= INFORMATION SHOWN =
########################################

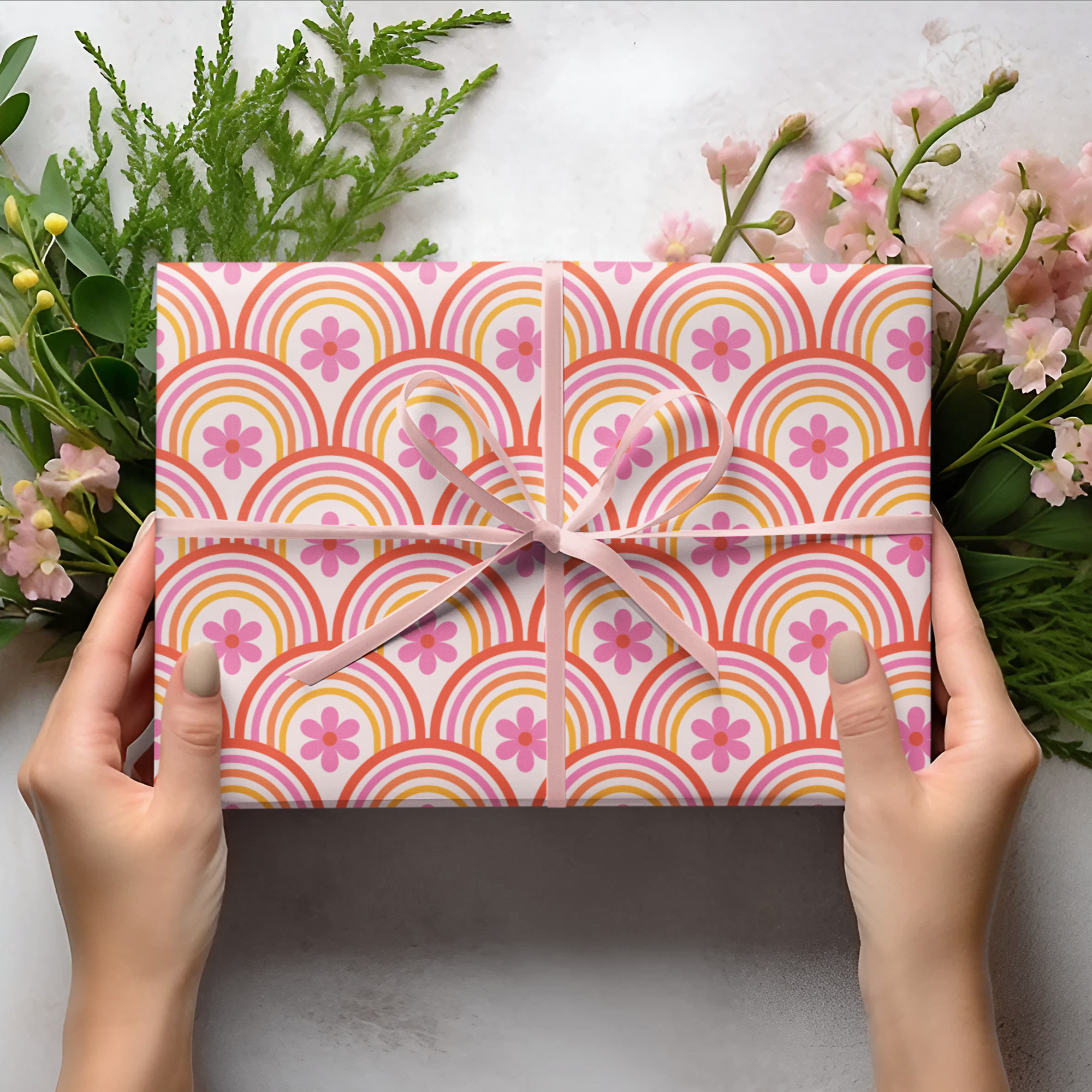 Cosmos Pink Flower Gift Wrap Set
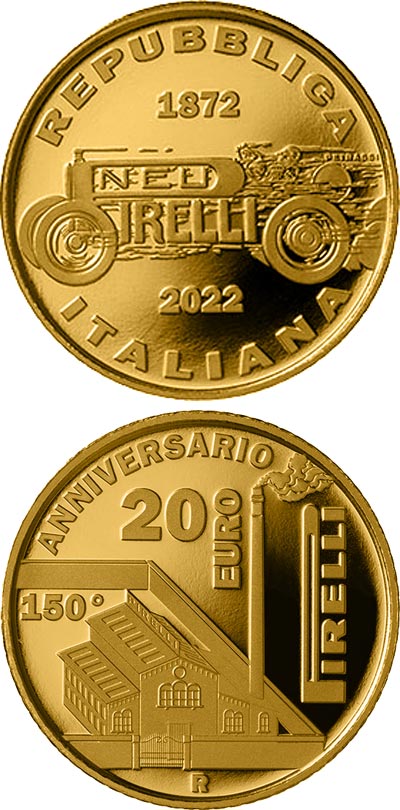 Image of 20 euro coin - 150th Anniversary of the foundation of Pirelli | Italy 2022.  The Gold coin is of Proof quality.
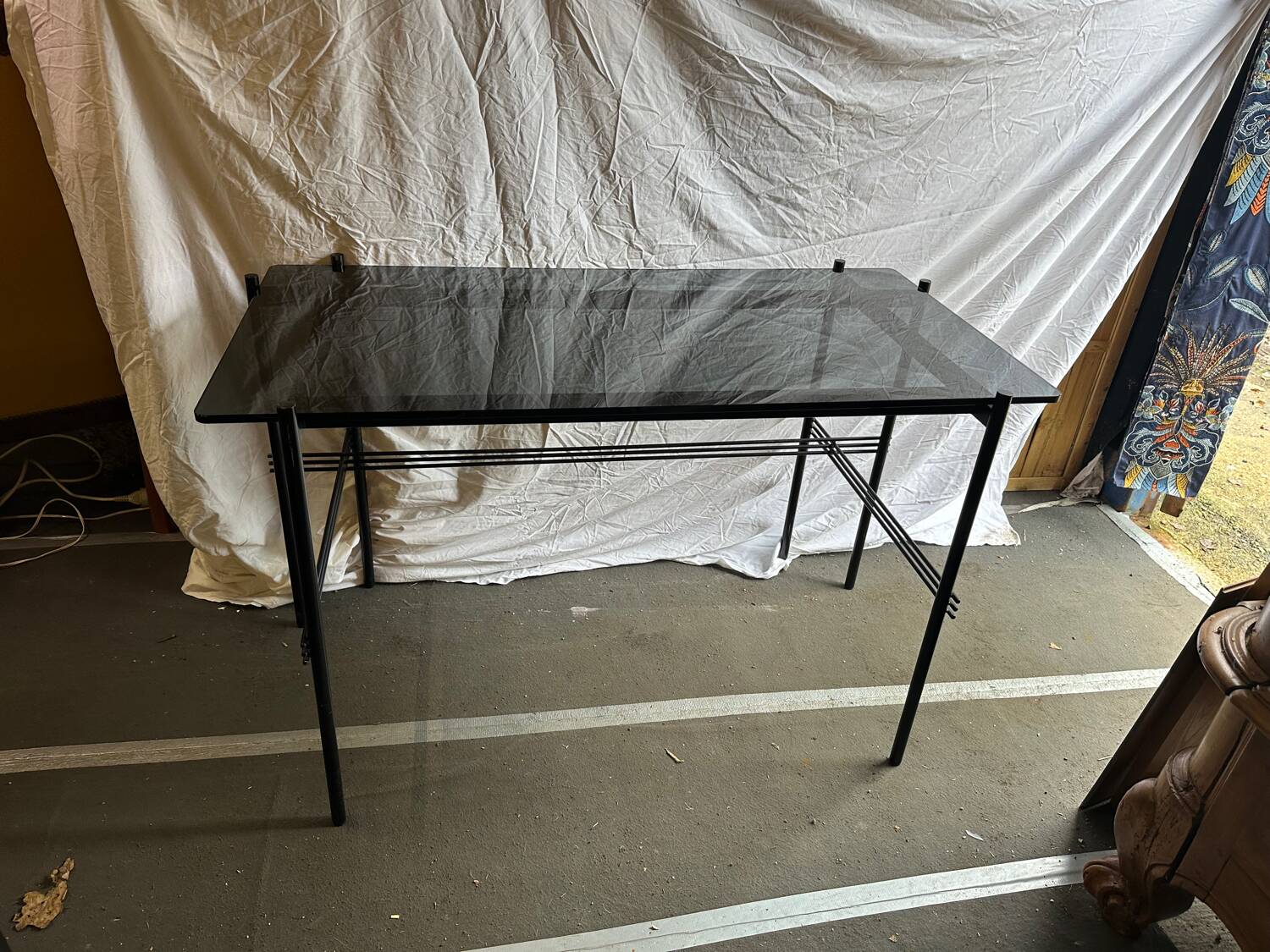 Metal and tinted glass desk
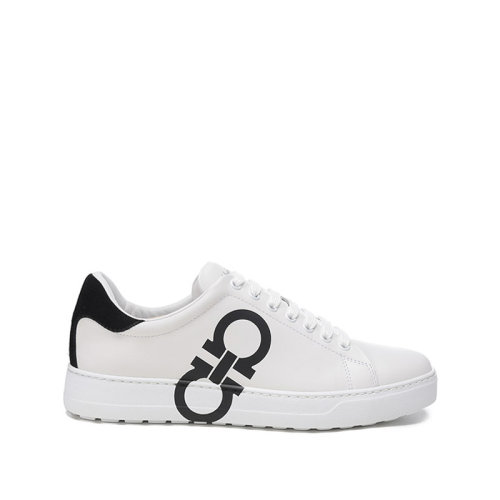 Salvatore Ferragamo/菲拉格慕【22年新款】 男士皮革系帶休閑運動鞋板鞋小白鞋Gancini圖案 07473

########################################

= WHAT IS BEING ASKED =
Set down the data above word for word, leaving every picture out.

= WRITTEN ANSWER =
 Cosmos Pink Flower Gift Wrap Set
 Image of 20 euro coin - 150th Anniversary of the foundation of Pirelli | Italy 2022.  The Gold coin is of Proof quality.
 Metal and tinted glass desk
 Salvatore Ferragamo/菲拉格慕【22年新款】 男士皮革系帶休閑運動鞋板鞋小白鞋Gancini圖案 07473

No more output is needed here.